True peace is not merely the absence of tension; it is the presence of justice.

–from Stride Toward Freedom, 1958, Reverend Martin Luther King, Jr.

Most of us have those “before and after” moments.  That time when we clearly feel a break with the past, and the beginning of something new. The moment when our lives have changed forever, and we know we’re in new territory now.

Injustice anywhere is a threat to justice everywhere. We are caught in an inescapable network of mutuality, tied in a single garment of destiny. Whatever affects one directly, affects all indirectly.

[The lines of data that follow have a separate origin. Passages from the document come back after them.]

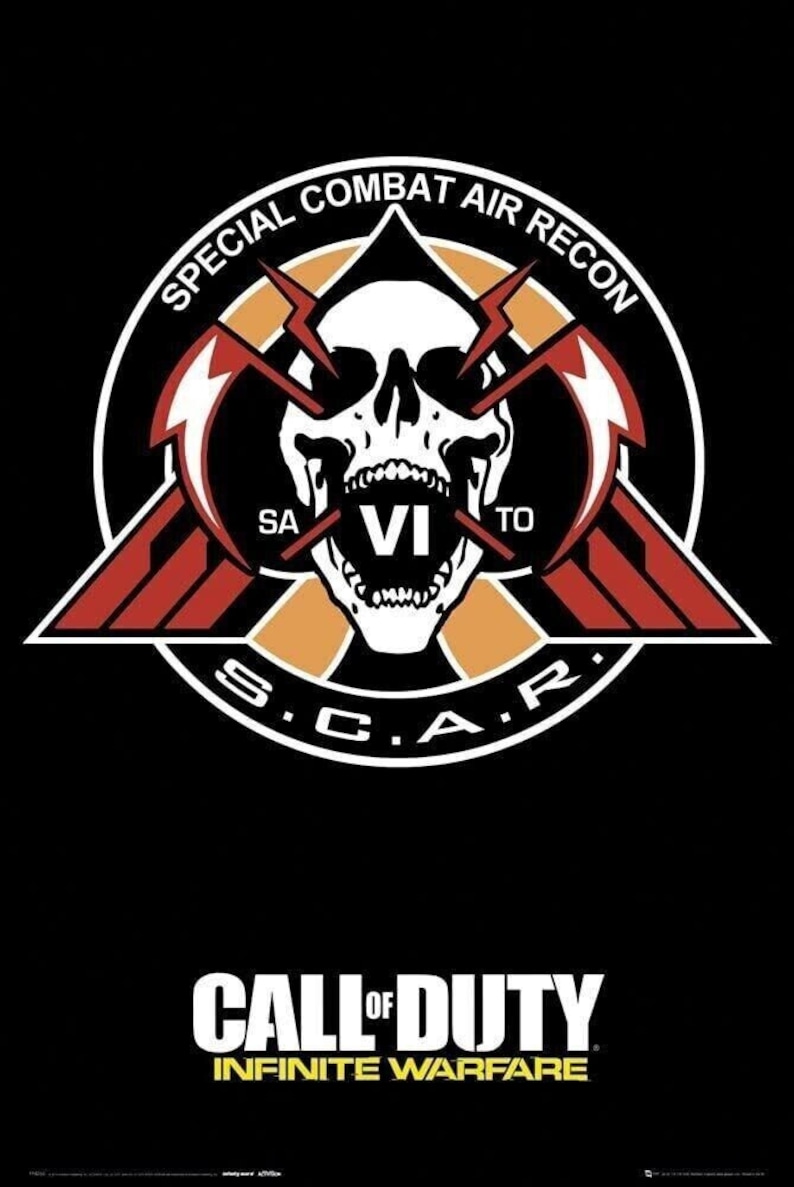 May include: A black and white skull with red lightning bolts and the text "SPECIAL COMBAT AIR RECON" and "S.C.A.R." surrounding it. The skull has the number "VI" in its mouth. Below the skull is the text "CALL OF DUTY INFINITE WARFARE" in yellow.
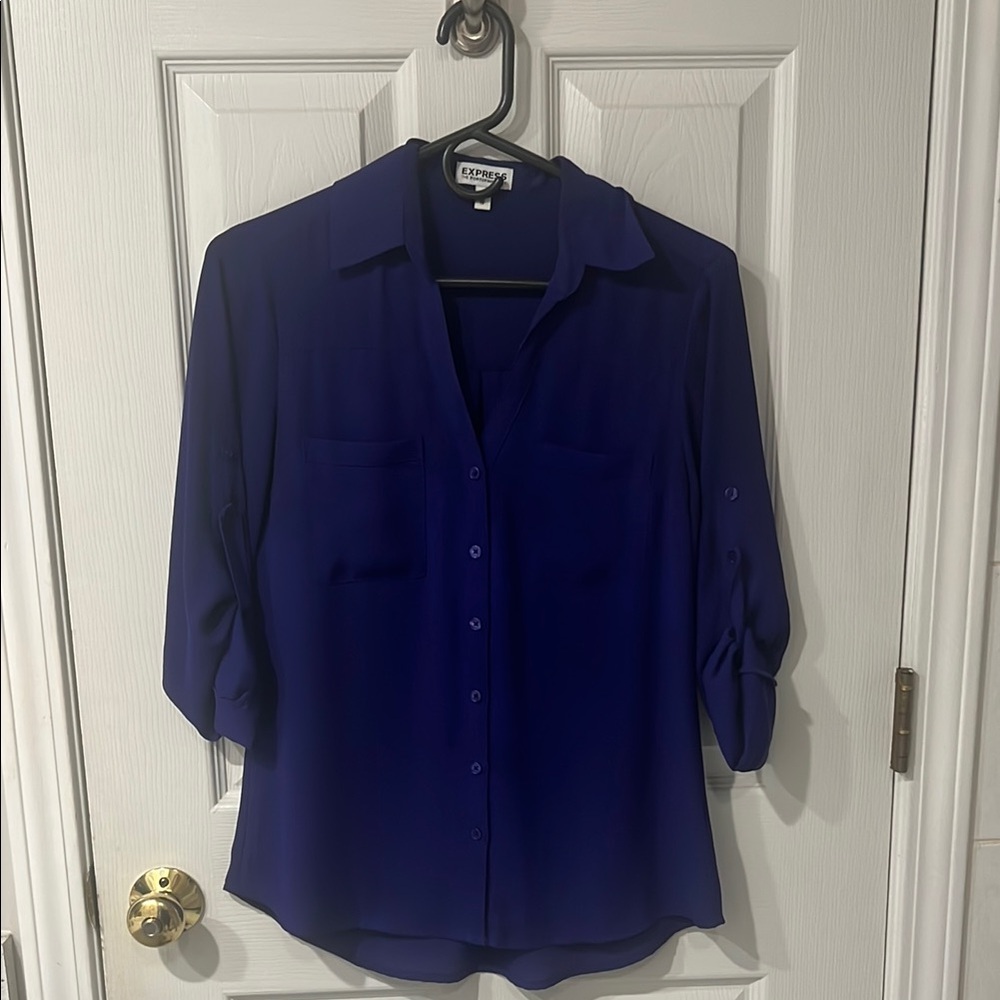 Express Purple Button Down Shirt with Notched Collar and Cuffed Sleeves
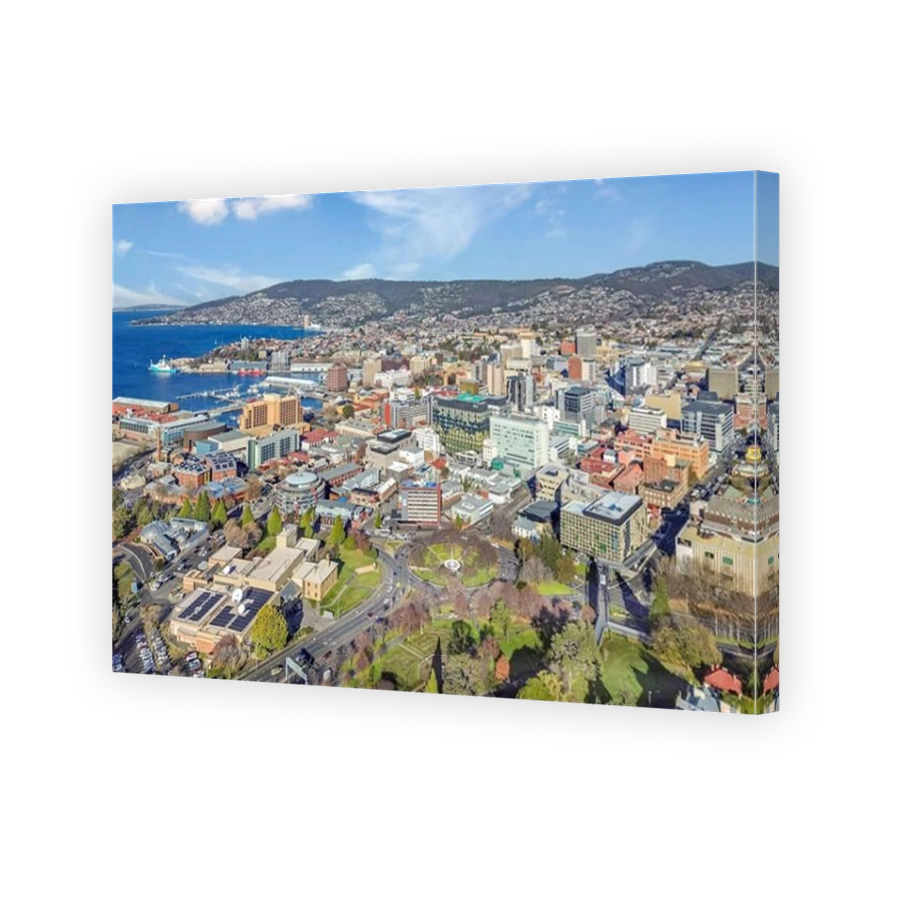 Aerial view of the city of Hobart in Tasmania, Australia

–from ‘Letter from Birmingham, Alabama Jail’, April 16, 1963

My visit to the Gaza Strip (9/2012 – 5/2013) was that moment in my life. I didn’t realize it at the time, but since my return to the U.S. and with some reflection, I see my personal timeline divided — before Gaza and after Gaza.

Love Not Hate

My understanding of Reverend Martin Luther King, Jr.’s impact on the world is a case in point. “Before” — I honored Dr. King’s memory each year knowing his contribution to the civil rights movement intellectually. I could recite most of the great milestones of his life, and I was grateful that America had such leaders. I had read his “I Have a Dream” speech but none of his other speeches.

“After” — something clicked in me. When I learned that April 4, 2017 was the 50th anniversary of his “Beyond Vietnam” speech, I was motivated to read it in its entirety. When he talked about a “revolution of values” and the “giant triplets of racism, materialism, and militarism” — I knew he was speaking to me, to my world, and to my generation.

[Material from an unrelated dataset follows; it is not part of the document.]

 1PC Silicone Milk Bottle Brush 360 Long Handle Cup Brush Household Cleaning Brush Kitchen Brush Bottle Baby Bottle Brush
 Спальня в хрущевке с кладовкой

The blunt truth of his message was much more than an intellectual respect for a great leader but a heart filled with love and sadness that his truth has not rung deeply within the halls of power. To many Americans, the radical revolution is merely hyberbole, and they can’t be bothered with the difficult struggle required to change our society.

I am convinced that if we are to get on the right side of the world revolution, we as a nation must undergo a radical revolution of values. We must rapidly begin the shift from a “thing-oriented” society to a “person-oriented” society. When machines and computers, profit motives and property rights are considered more important than people, the giant triplets of racism, materialism, and militarism are incapable of being conquered.

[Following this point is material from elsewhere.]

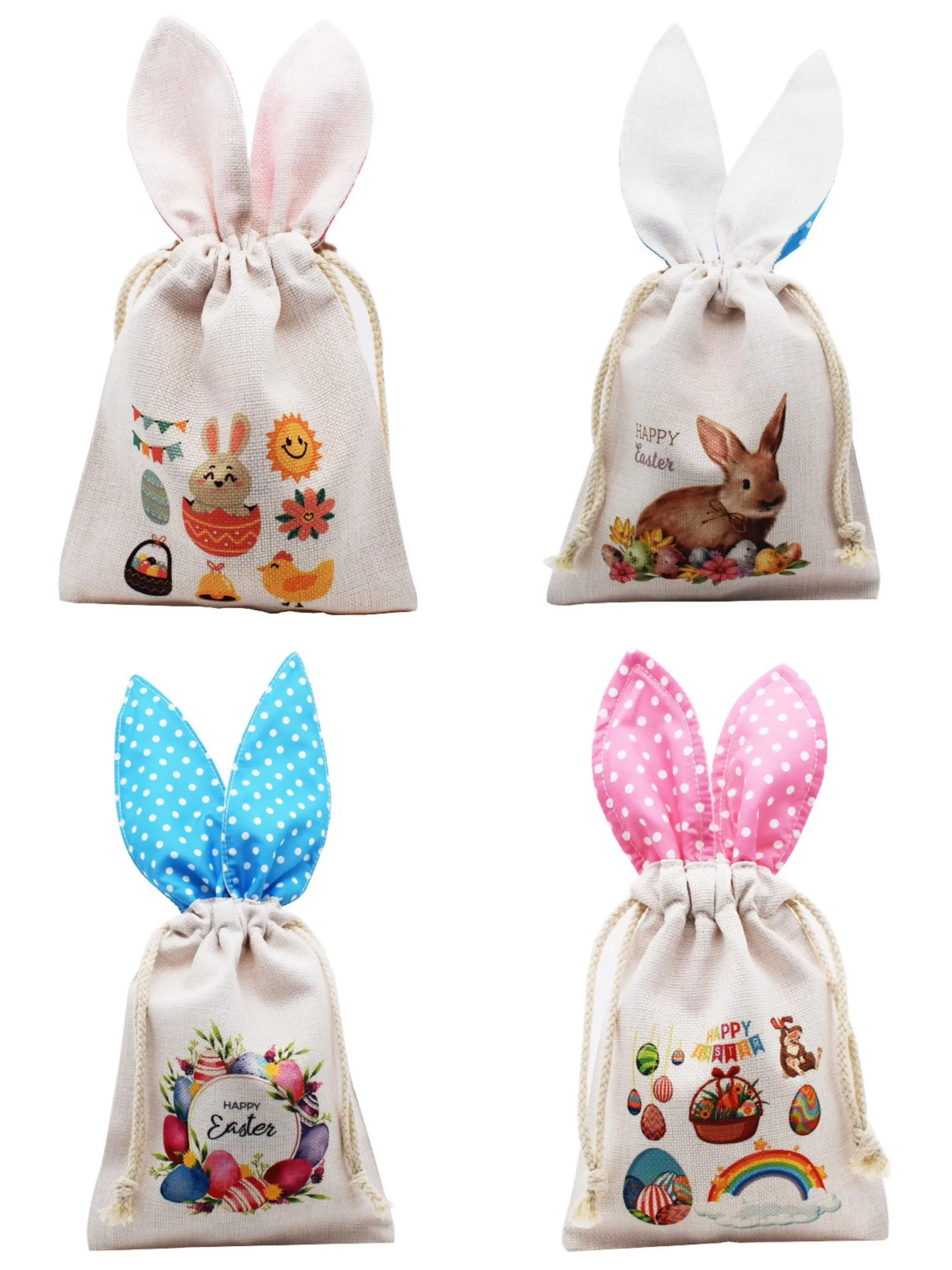 Easter Bunny Pouch Bags Gift Wrap with Rabbit Ears Easter Rabbit Tote Bags Easter Gift Bags for Kids 0207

–from Beyond Vietnam: A Time to Break Silence, April 4, 1967, Riverside Church, New York, NY

On April 4, 2017, I spent the afternoon and evening at the New York Avenue Presbyterian Church in Washington, DC just two blocks from the White House with an amazing group of clergy and lay people from many different faiths. We gathered to remember and celebrate Dr. King, and to send a message to the White House that Dr. King’s message of #LoveThyNeighbor – with no exceptions – is alive and well.

New York Ave Presbyterian Church is a Sanctuary Church that opens its doors to anyone who feels “threatened or vulnerable.”Church welcomes immigrants

Some people may feel their spiritual calling requires them to stay above the political fray and partisanship that permeates most discourse in Washington these days. Not these clergy members.

The ultimate measure of a man is not where he stands in moments of comfort and convenience, but where he stands at times of challenge and controversy. The true neighbor will risk his position, his prestige, and even his life for the welfare of others.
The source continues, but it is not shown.